Kura Oncology, Inc. reported preclinical data supporting the potential of its farnesyl transferase inhibitor (FTI) tipifarnib to prevent emergence of resistance to the epidermal growth factor receptor (EGFR) tyrosine kinase inhibitor osimertinib in EGFR mutant non-small cell lung cancer (NSCLC). The new findings, generated through a collaboration with INSERM (the French National Institute of Health and Medical Research), are being presented at the American Association for Cancer Research Annual Meeting in New Orleans. Using Rho-pathway inhibitor screening, researchers at INSERM found that tipifarnib induced a complete clearance of drug-tolerant dormant cells, a potential mechanism of resistance to EGFR-targeted therapy in NSCLC.

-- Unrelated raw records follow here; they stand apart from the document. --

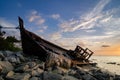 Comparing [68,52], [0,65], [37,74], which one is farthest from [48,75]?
[68,52]

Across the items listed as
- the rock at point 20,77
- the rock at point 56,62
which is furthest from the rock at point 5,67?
the rock at point 56,62

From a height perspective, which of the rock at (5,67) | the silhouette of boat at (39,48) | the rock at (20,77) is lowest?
→ the rock at (20,77)

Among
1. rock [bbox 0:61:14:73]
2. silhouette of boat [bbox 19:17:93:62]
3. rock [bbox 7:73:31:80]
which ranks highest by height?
silhouette of boat [bbox 19:17:93:62]

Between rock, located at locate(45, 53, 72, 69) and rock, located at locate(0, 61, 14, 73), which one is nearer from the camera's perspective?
rock, located at locate(0, 61, 14, 73)

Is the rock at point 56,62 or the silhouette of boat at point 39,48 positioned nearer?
the rock at point 56,62

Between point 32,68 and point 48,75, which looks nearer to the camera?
point 48,75

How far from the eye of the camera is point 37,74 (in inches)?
492

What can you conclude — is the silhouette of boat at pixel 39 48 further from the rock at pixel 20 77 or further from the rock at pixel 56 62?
the rock at pixel 20 77

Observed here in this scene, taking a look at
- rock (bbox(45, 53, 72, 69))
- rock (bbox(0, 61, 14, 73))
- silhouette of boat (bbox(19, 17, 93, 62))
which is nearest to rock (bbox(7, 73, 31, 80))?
rock (bbox(0, 61, 14, 73))

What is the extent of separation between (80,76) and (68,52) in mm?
9776

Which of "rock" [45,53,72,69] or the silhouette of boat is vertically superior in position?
the silhouette of boat

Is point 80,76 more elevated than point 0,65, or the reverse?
point 0,65

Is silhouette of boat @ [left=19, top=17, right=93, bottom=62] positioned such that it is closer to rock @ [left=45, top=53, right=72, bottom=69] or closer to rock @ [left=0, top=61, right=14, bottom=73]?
rock @ [left=45, top=53, right=72, bottom=69]

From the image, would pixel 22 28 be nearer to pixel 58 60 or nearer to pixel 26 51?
pixel 26 51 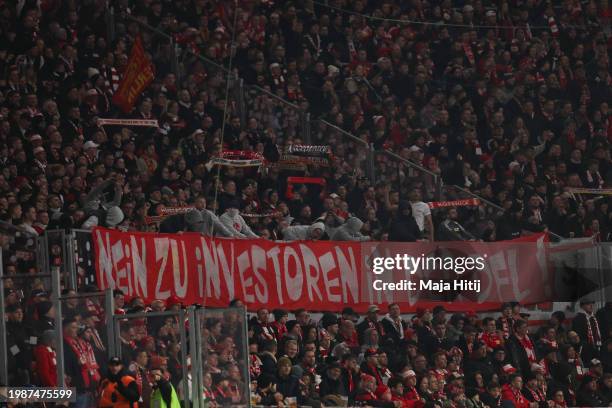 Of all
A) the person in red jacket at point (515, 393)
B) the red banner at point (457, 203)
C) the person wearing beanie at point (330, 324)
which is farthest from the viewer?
the red banner at point (457, 203)

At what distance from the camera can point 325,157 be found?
62.1 feet

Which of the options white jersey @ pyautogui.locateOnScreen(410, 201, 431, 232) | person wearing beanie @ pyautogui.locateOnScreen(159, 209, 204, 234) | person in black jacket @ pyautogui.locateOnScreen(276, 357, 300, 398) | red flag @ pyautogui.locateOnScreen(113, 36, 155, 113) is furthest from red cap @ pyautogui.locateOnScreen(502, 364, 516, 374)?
red flag @ pyautogui.locateOnScreen(113, 36, 155, 113)

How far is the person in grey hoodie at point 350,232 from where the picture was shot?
17.3 meters

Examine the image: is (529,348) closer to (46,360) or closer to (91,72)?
(91,72)

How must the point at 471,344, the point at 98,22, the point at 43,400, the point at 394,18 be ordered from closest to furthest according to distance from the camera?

Several farnesylated targets were identified that appear to control the ability of tumor cells to enter and exit a drug-tolerant state. In parallel, using preclinical in vivo models of EGFR-mutated lung tumors, co-treatment with tipifarnib durably prevented relapse to osimertinib for up to six months, with no evidence of toxicity. Collectively, this mechanistic and translational research strongly supports the potential use of a FTI to prevent or delay the adaptive response to osimertinib in patients with EGFR-mutated NSCLC.

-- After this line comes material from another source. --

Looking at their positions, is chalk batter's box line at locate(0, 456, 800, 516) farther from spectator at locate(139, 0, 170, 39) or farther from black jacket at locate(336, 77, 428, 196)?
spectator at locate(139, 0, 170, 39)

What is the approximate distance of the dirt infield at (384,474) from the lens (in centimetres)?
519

Kura is preparing to initiate a Phase I clinical trial (KURRENT-LUNG) of tipifarnib in combination with osimertinib in treatment-naïve locally advanced/metastatic EGFR mutated NSCLC and expects to dose the first patient in the third quarter of 2022. The Company intends to perform initial clinical evaluation with tipifarnib while in parallel advancing KO-2806, the lead development candidate in its next-generation FTI program, through investigational new drug (IND)-enabling studies. Kura plans to submit an IND application for KO-2806 in the fourth quarter of 2022.